• TASK ITEM
Using the records below, transcribe exactly only the lines from the one with "this 1200×799 image." through the end, both included, and drop every picture.

[Free-text object descriptions]
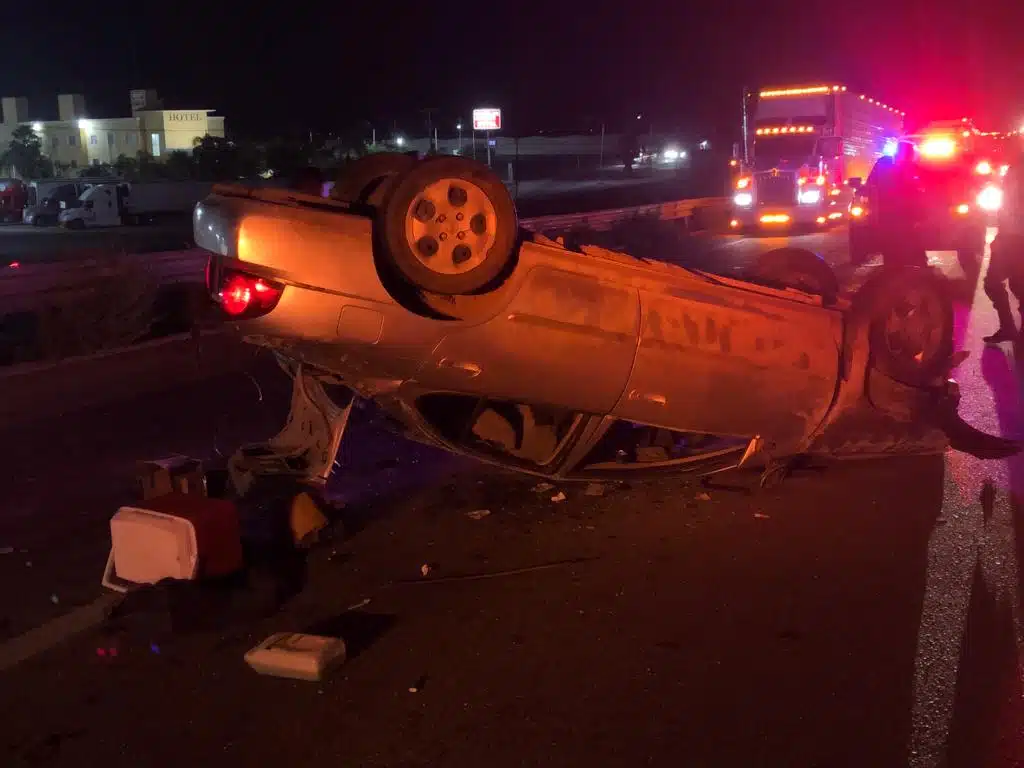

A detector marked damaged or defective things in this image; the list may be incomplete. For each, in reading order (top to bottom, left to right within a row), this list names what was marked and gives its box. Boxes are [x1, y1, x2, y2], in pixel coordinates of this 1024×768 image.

dented car body [192, 155, 1015, 489]
overturned car [192, 155, 1015, 493]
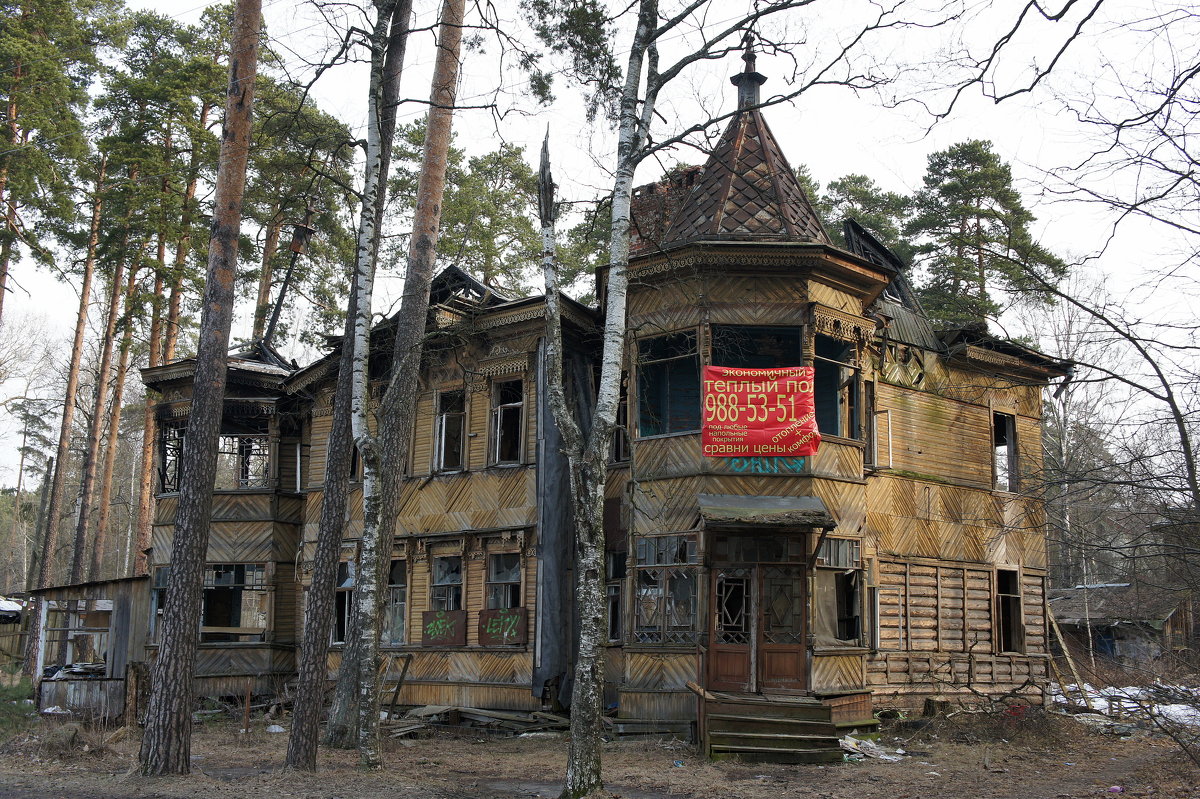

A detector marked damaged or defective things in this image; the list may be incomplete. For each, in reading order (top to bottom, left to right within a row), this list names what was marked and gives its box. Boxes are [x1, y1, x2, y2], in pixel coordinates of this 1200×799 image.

broken window [217, 431, 273, 489]
broken window [434, 391, 465, 470]
broken window [489, 379, 523, 463]
broken window [633, 333, 700, 439]
broken window [715, 323, 801, 367]
broken window [811, 333, 859, 439]
broken window [993, 412, 1012, 489]
broken window [199, 559, 267, 643]
broken window [331, 556, 352, 643]
broken window [384, 556, 408, 643]
broken window [432, 554, 463, 609]
broken window [482, 551, 520, 607]
broken window [609, 547, 628, 643]
broken window [633, 535, 700, 643]
broken window [816, 537, 864, 643]
broken window [993, 563, 1022, 652]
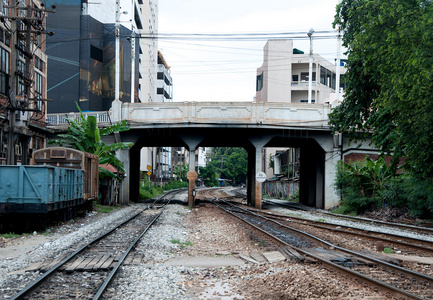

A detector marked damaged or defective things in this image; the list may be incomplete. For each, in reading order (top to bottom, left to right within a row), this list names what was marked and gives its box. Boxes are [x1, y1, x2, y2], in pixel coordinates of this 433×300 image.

• WRITTEN SOLUTION
A detector marked damaged or defective things in this image; the list may be incomplete. For each, in reading order (top to bottom, left to right within a row), this list names what was marked and gives its box. Boxes are [x1, y1, x2, y2], in pixel coordinates of this 1200×799 image.

broken window [217, 431, 273, 489]
broken window [434, 391, 465, 470]
broken window [489, 379, 523, 463]
broken window [633, 333, 700, 439]
broken window [715, 323, 801, 367]
broken window [811, 333, 859, 439]
broken window [993, 412, 1012, 489]
broken window [199, 559, 267, 643]
broken window [331, 556, 352, 643]
broken window [384, 556, 408, 643]
broken window [432, 554, 463, 609]
broken window [482, 551, 520, 607]
broken window [609, 547, 628, 643]
broken window [633, 535, 700, 643]
broken window [816, 537, 864, 643]
broken window [993, 563, 1022, 652]

A detector marked damaged or defective things in this image; the list may be incomplete. For each, in reading order (top to bottom, left to right within a row), this list names what was marked and gives its box. Boxes are [x1, y1, x2, y2], in pixel coordinates of this 433×300 image.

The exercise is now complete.